Source: Songwriters on Songwriting, Paul Zollo
The Beatles
May 5th, 2009 § 0
This page has a long list of Beatles songwriting quotes, mostly from John Lennon. Here are a few of my favorites:
I like ‘I Want To Hold Your Hand’, [Paul McCartney and I] wrote that together and it’s a beautiful melody. We wrote a lot of stuff together, one on one, eyeball to eyeball. Like in ‘I Want To Hold Your Hand’, I remember when we got the chord that made the song. We were in Jane Asher’s house, downstairs in the cellar playing on the piano at the same time. And we had, ‘Oh you-u-u / got that something…’ And Paul hits this chord, and I turn to him and say, ‘That’s it!’ I said, ‘Do that again!’ In those days, we really used to absolutely write like that - both playing into each other’s noses.
…
Paul had a lot of training, could play a lot of instruments. He’d say, “Well, why don’t you change that there? You’ve done that note 50 times in the song.” You know, I’ll grab a note and ram it home. Then again, I’d be the one to figure out where to go with a song, a story that Paul would start. In a lot of the songs, my stuff is the “middle eight,” the bridge.
…
‘Rain’. That’s me again, with the first backwards tape on record anywhere. I got home from the studio and I was stoned out of my mind on marijuana… and, as I usually do, I listened to what I’d recorded that day. Somehow it got on backwards and I sat there, transfixed, with the earphones on. I ran in the next day and said, ‘I know what to do with it, I know… listen to this!’ So I made them all play it backwards. The fade is me actually singing backwards with the guitars going backwards. (sings) ‘Sharethsmnowthsmeanss!’ That one was the gift of God, of Ja actually, the god of marijuana, right? So Ja gave me that one.
…
I was lying on the sofa in our house, listening to Yoko play Beethoven’s - Moonlight Sonata, on the piano. Suddenly I said, ‘can you play those chords backwards’. She did, and I wrote ‘ Because ‘, around them. The lyrics are clear, no bullshit, no imagery, no obscure references.

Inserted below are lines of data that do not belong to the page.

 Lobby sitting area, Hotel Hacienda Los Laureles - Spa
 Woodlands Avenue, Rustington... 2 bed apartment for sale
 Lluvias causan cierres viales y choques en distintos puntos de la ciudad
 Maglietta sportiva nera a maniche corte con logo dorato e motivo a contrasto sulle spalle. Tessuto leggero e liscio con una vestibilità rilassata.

Source: John Lennon: In My Life
Nick Lowe
May 4th, 2009 § 0
Nick Lowe, rock musician and producer, comments on aping the style of his heroes as a young songwriter:
… I hadn’t been writing songs very long and, like everybody else who starts out doing anything creative, you start off plundering your heroes’ style and catalogue. When you’ve exhausted that, you move on to somebody else and do the same thing with them, and the day comes when you’re rewriting your latest hero’s works, and you put in a little bit of the first guy’s thing that you ripped off, a middle eight, or a bridge, and as it goes on you include more and more of these bits and pieces that you’ve ripped off, until, suddenly, you haven’t ripped them off at all. They’ve actually become your style. And then all you need is a good idea. And then you really are in business. I remember having this idea—“What’s So Funny About Peace, Love and Understanding”—and almost falling over in astonishment that I hadn’t heard this before, that it really was an original notion.
Source: Vanity Fair
Paul Simon
May 4th, 2009 § 0
Paul Simon, folk singer-songwriter and partner of Art Garfunkel in Simon and Garfunkel, comments on how he likes to start a song:
“You Can Call Me Al” seems like the perfect example of that combination of the colloquial with enriched language. The chorus is extremely conversational, set against enriched lines like “angels in the architecture, spinning in infinity…”

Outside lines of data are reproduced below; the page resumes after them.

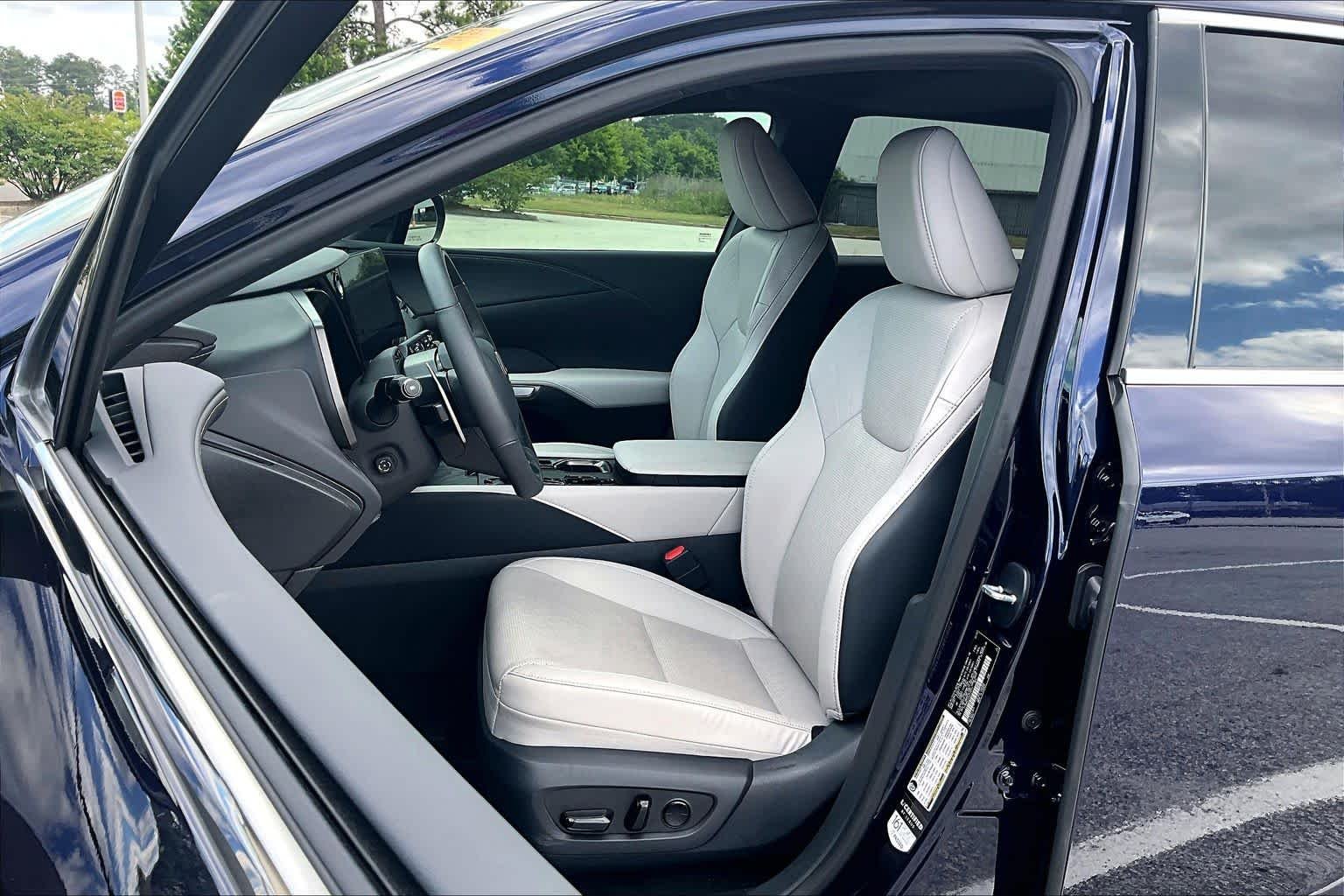 Used 2025 Nightfall Mica Lexus Premium Plus image 8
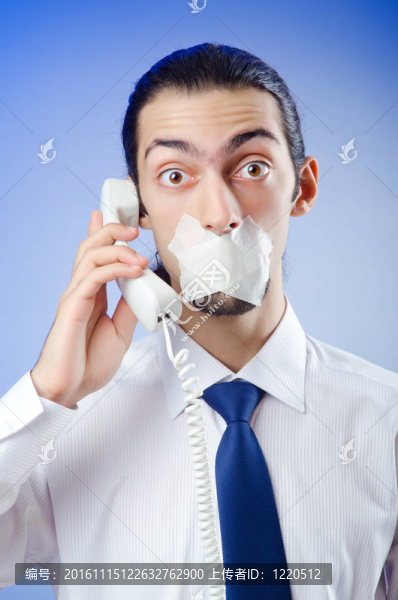 商人與他的嘴唇密封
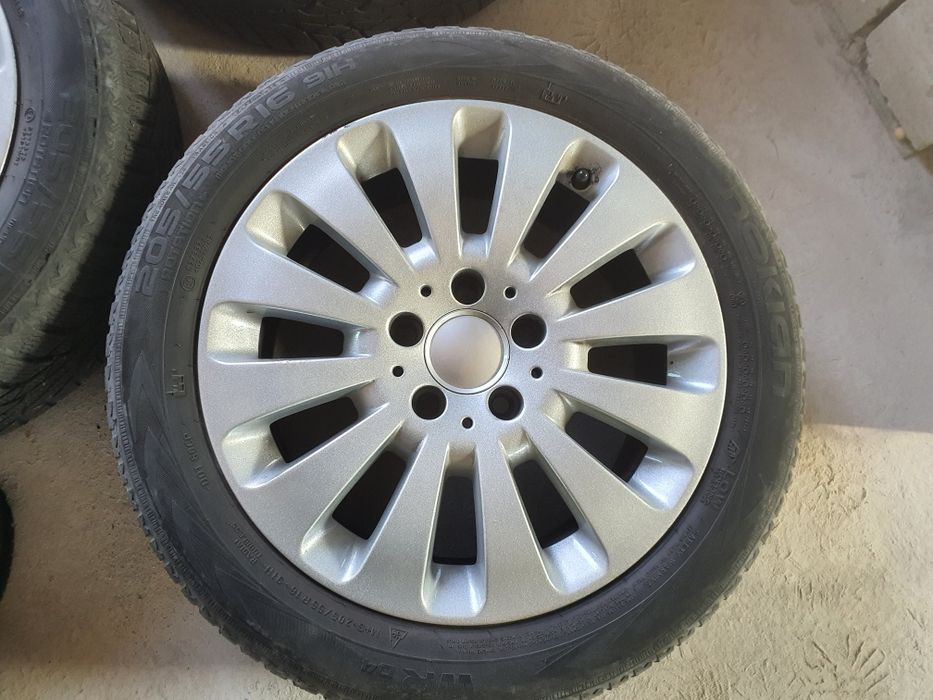 Vand Jante Mercedes pe 16.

Right. The song starts out very ordinary, almost like a joke. Like the structure of a joke cliche: “There’s a rabbi, a minister and a priest”; “Two Jews walk into a bar”; “A man walks down the street.” That’s what I was doing there.
Because how you begin a song is one of the hardest things. The first line of a song is very hard. I always have this image in my mind of a road that goes like this [motions with hands to signify a road that gets wider as it opens out] so that the implication is that the directions are pointing outward. It’s like a baseball diamond; there’s more and more space out here. As opposed to like this. [Motions an inverted road getting thinner.] Because if it’s like this, at this point in the song, you’re out of options.
So you want to have that first line that has a lot of options, to get you going. And the other things that I try to remember, especially if a song is long, you have plenty of time. You don’t have to kill them, you don’t have to grab them by the throat with the first line.
In fact, you have to wait for the audience–they’re going to sit down, get settled in their seat … their concentration is not even there. You have to be a good host to people’s attention span. They’re not going to come in there and work real hard right away. Too many things are coming: the music is coming, the rhythm is coming, all kinds of information that the brain is sorting out.
So give them easy words and easy thoughts, and let it move along, and let the mind get into the groove of it. Especially if it’s a rhythm tune. And at a certain point, when the brain is loping along easily, then you come up with the first kind of thought or image that’s different. Because it’s entertaining at that point. Otherwise people haven’t settled in yet.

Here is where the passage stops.